Problem statement >>
Go to the line that includes "Midori MD Note A6 clear cover (49358006)" and retype it, then every line after it to the end of the data, adding nothing.

─── Input data ───

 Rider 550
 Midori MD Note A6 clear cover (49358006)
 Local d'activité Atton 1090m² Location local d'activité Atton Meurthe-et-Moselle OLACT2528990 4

───

Response >>
 Midori MD Note A6 clear cover (49358006)
 Local d'activité Atton 1090m² Location local d'activité Atton Meurthe-et-Moselle OLACT2528990 4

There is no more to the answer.